See Time-based Windows.
Window DataType
Each window can only track stats for ONE SINGLE field, and this field can be:
- Numeric (like bid_price, kilometers_per_hour, request_response_time, timestamp_epoch), or
- String (like stock_symbol, error_code, requester_ip_address, email_address).
Normally, you do not need to specify the DataType of a window. RioDB identifies the datatype automatically based on the stream message value that you choose for the window. But there is a difference.
Note, while windows of STRING values do support some aggregations (COUNT, COUNT_DISTINCT, MAX, MIN), they do NOT support more mathematical aggregations such as AVERAGE, SUM, VARIANCE, SLOPE, etc.
Window Source: Stream Field vs Expression
Usually, a window is populated with a field value taken directly from the stream message fields. For example, if the message has the field “bid”, you can create a window to run stats using “bid”. However, a window can also be populated with values from an expression (like a function). For example, suppose the stream provides you a “speed” field with values in miles-per-hour, but you want to populate the window with values converted into meters-per-second. You can populate the window with values that are pre-calculated by an expression. This can be very useful. For example, if the stream messages provide GPS x,y coordinates, but you want the window aggregate stats on the distance traveled between messages, it can be achieved using an expression.
See From Expression.
Conditional Elements
You don’t have to push values from every message into a window. The window can be populated with filtered values.
For examples:
- Only populate the window with response_time from POST requests, ignoring GET requests.

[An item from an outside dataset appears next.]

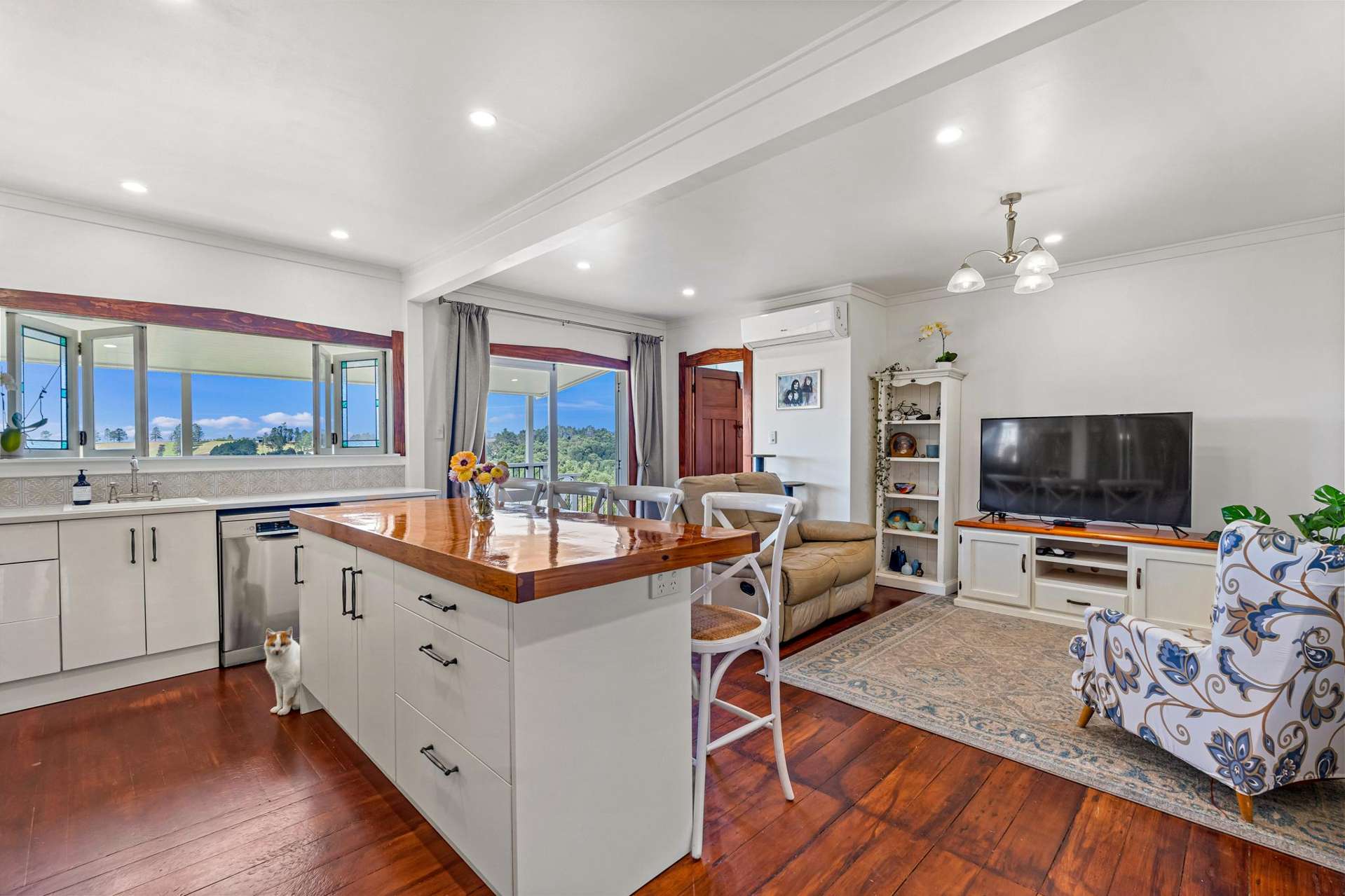 77 Daroux Drive Kerikeri_0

- Only populate the window with bids on stock TSLA, ignoring all other stocks.
- Only populate the window with error_code from production servers, ignoring test servers.
See Conditional Windows.
Partitioned Windows
Assuming that a stream message that contains a stock SYMBOL and a stock PRICE. Suppose you want a window to track running aggregations for each stock SYMBOL, such as the average price of TSLA, the average price of APPL, the average price of GOOG, and so on. Instead of manually defining a window for each stock symbol, you can define a window once that is partitioned by the stock symbol as the key. With this, you instantiate the window only once and let RioDB track the stats for each SYMBOL for you. Other examples:
- Aggregate an API request statistic for each requester_ip_address.

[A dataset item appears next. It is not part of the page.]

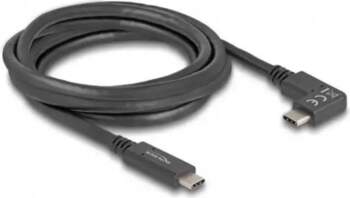 "Delock USB 5 Gbps kabelis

- Aggregate web site clickstream statistics for each session_id.
- Aggregate videogame statis for each player.
Partitioned windows allow you to define the window once, and let RioDB keep track of many keys behind the scenes.
See Partitioned Windows.
Conclusion
Note, that ALL variations above can be combined. For example, you could define one window that is…
A window of time range, tracking numeric computed values, only for stream records that match certain conditions, and be partitioned by a key field from the stream record.